More advanced BLDC blower types incorporate a much more sophisticated “onboard controller.” This allows different speed commands for the blower: DC–high and low voltage; pulse-width modulation (PWM); and mechanically with a potentiometer. The blower speed is directly proportional to this command signal. (In other words, 0 VDC equals zero speed and 10 VDC equals full speed. Likewise, 10 percent PWM duty cycle equals 10 percent maximum speed.) This provides the combustion engineer with flexibility in choosing a blower controller to regulate and monitor the speed of the blower.

The DC signal can be a normal 0 to 10 VDC input or a low voltage 4 to 20 mA speed signal. The low voltage speed command can come from a pressure sensor somewhere in the air circuit and adjust the blower speed command according to the pressure. The blower also can be controlled through pulse width modulation (PWM) and normally is used with the tachometer feedback to confirm the speed of the blower.

The simplest type of speed control uses a potentiometer located on the blower. The combustion engineer can infinitely adjust the speed of the blower without any external controller. This feature is a great asset early in the development of a combustion system and is common for fixed speed applications.
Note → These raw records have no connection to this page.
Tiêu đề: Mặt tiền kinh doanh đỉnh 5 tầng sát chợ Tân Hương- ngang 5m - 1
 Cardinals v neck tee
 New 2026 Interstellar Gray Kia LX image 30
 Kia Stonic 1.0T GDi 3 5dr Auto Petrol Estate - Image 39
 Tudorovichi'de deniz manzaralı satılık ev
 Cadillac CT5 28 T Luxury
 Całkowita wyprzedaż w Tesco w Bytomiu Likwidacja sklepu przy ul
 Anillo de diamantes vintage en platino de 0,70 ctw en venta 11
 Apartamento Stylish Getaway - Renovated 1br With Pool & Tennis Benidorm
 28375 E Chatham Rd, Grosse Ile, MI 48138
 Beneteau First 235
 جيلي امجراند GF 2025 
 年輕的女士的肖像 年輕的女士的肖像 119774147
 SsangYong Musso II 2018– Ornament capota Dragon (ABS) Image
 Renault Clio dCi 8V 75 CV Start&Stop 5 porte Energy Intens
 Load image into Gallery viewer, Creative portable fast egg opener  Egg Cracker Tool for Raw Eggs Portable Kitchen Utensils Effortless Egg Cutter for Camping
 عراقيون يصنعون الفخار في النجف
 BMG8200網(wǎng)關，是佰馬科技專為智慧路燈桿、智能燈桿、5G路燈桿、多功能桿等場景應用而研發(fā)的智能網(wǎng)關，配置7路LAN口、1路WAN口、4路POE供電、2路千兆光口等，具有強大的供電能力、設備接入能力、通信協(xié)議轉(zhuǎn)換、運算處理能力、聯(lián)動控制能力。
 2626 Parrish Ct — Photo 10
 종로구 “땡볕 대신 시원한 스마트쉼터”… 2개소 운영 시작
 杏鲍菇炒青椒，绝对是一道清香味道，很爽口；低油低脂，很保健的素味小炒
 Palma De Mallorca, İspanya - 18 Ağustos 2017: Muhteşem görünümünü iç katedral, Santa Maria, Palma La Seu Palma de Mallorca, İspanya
In terms of size and performance, BLDC premix blowers ultimately will offer remarkable airflow delivery in a compact package. As a comparative example, the basic rule of thumb for burner applications is that 500,000 BTUs requires 100 cfm of airflow. By using a BLDC blower, the airflow needs for a 400,000 BTU system can be satisfied with a 5 lb assembly, or just one-quarter the typical weight of traditional blowers.